For the past three years, the conservation team at Oxford Conservation Consortium has been repairing/stabilising Magdalen’s collection of Greek manuscripts. The final three manuscripts had major structural damage and were unsafe for consultation by readers. With support from the National Manuscripts Conservation Trust and the Marc Fitch Fund, Jane Eagan, Maria Kalligerou, and Katerina Powell have started treating these volumes, all patristic texts dating from the eleventh century, rebound in the early seventeenth century in Oxford roll bindings.
MS GR 1, St John Chrysostum’s Commentary on Gospel of John, has been documented and photographed before treatment and the binding has been dismantled, showing the earlier eleventh-century sewing stations and V-cuts. The text-block has been cleaned and the losses in the leaves due to ink corrosion have been supported with remoistenable gelatine-coated tissue. Old adhesive residue has been removed from the spinefolds, and repairs to the spinefolds have been started.
MS GR 5, St Gregory Nazianzus’ Homilies, has also been thoroughly documented and has been dismantled. The leaves have been cleaned and adhesive residue removal has started. Once this is done and the textblock has been repaired, both volumes will be digitised by Scriptura.
Update #1
The two-year project to conserve three eleventh-century Greek manuscripts is progressing. MS GR 1 has been prepared for resewing by Jane Eagan, which will be completed by the end of 2015. MS GR 5 is also ready for resewing, by Maria Kalligerou, which will be done in January 2016. The volumes will then have their seventeenth-century boards reattached, as the final stage in the project. Work on MS GR 3 by Katerina Powell will begin in early January 2016. We hope to complete the project by September 2016 as planned.

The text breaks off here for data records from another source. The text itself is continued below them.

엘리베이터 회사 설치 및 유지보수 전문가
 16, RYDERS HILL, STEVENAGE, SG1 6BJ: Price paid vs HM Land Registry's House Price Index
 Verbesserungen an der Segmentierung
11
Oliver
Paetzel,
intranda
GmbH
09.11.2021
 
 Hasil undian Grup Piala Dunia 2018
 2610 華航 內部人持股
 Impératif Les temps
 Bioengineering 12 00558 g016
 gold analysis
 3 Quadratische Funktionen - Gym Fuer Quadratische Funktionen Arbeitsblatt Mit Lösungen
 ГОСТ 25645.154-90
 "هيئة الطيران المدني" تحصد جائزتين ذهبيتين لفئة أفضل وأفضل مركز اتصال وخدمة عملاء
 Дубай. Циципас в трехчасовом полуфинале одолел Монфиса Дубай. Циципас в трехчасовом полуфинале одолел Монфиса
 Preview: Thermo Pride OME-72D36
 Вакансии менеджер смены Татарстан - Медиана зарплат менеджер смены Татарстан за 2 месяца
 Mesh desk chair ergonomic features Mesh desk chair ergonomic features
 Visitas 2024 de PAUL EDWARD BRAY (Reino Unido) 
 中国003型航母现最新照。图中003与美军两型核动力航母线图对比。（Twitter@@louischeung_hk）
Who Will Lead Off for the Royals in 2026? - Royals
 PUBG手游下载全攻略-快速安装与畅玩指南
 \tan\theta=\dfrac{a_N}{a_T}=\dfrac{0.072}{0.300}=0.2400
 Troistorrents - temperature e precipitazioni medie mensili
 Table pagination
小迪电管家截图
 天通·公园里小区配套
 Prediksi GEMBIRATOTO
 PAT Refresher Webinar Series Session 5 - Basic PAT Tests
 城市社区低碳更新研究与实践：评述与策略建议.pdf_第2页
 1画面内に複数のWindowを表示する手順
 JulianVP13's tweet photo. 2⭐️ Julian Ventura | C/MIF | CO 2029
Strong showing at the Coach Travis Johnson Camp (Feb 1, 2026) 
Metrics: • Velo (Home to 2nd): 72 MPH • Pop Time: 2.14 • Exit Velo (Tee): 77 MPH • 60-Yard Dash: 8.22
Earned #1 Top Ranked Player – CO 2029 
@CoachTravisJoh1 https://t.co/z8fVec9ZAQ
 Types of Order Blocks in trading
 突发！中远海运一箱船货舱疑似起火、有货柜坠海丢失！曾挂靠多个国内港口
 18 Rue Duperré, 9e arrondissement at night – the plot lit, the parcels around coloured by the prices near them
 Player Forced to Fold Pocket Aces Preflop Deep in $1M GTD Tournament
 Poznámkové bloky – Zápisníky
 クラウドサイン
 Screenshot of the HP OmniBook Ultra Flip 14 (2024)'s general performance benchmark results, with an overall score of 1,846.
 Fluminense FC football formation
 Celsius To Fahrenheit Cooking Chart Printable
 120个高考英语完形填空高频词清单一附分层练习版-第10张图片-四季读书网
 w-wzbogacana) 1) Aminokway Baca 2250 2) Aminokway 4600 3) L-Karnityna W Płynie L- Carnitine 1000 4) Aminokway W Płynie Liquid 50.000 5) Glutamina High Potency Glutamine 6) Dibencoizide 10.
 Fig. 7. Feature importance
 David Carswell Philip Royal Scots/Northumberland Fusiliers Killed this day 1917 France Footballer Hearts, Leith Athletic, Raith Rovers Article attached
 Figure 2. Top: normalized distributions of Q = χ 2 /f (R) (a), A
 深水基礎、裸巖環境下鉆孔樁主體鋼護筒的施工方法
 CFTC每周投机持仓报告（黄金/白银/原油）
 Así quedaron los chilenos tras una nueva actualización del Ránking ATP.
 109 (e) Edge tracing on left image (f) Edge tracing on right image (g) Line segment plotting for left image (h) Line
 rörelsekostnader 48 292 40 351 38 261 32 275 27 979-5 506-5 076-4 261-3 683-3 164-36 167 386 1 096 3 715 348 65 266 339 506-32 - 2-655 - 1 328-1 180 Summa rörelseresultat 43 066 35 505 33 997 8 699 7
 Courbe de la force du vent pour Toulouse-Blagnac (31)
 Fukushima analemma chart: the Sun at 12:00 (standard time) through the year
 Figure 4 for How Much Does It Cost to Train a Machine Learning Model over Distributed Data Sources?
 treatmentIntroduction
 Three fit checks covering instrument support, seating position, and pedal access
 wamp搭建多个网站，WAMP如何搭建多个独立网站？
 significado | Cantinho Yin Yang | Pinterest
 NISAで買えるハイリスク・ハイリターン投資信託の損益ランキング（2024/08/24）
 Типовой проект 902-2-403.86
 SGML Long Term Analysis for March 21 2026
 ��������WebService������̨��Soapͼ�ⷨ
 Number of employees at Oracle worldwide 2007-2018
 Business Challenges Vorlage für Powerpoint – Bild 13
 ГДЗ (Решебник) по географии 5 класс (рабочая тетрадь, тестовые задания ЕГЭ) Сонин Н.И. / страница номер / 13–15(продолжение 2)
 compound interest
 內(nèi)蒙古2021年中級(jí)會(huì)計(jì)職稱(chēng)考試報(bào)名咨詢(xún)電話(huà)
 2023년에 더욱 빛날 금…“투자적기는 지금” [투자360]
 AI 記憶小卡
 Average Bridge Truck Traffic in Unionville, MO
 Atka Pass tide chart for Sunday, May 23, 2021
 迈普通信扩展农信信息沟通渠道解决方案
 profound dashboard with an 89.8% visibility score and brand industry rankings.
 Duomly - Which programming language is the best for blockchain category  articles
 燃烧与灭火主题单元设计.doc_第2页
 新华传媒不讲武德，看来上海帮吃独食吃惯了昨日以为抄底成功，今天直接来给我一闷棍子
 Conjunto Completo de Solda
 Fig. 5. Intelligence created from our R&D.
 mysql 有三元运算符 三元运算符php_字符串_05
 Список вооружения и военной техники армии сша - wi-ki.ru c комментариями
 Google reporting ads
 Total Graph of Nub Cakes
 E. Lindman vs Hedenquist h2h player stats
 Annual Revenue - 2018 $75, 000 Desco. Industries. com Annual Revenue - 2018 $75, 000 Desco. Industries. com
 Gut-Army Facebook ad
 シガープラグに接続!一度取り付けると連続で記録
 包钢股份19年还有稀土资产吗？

We will be taking non-destructive samples of parchment material (eraser crumbs) for analysis as part of the project, CodeX, run by the Biology, Archaeology, and Chemistry sections of the University of York. This collaboration should yield interesting results which will feed into the cataloguing records which are being created for these volumes. Through protein mass spectrometry, we will find out which species of animal the parchment is made from – this is not always clear from the observation of hair follicle patterns. MS GR 5 has earlier Byzantine parchment patches, and it will be useful to know whether these are from the same animal species as the leaves. Unfortunately this testing cannot accurately date the parchment. The method used is to extract the protein from crumbs of eraser, which is commonly used by conservators in cleaning. Other interesting information is emerging from the conservation treatment of these volumes; MS GR 1 has evidence of thread tackets at head and tail, showing how the quires were held together during writing, and both MS GR 1 and 5 have visible marking up of the sewing stations by the early binder.
We have had several visits from book conservators working in other institutions, interested in discussing parchment repair using cold gelatine mousse as the adhesive, as well as the condition of the manuscripts and treatment aims.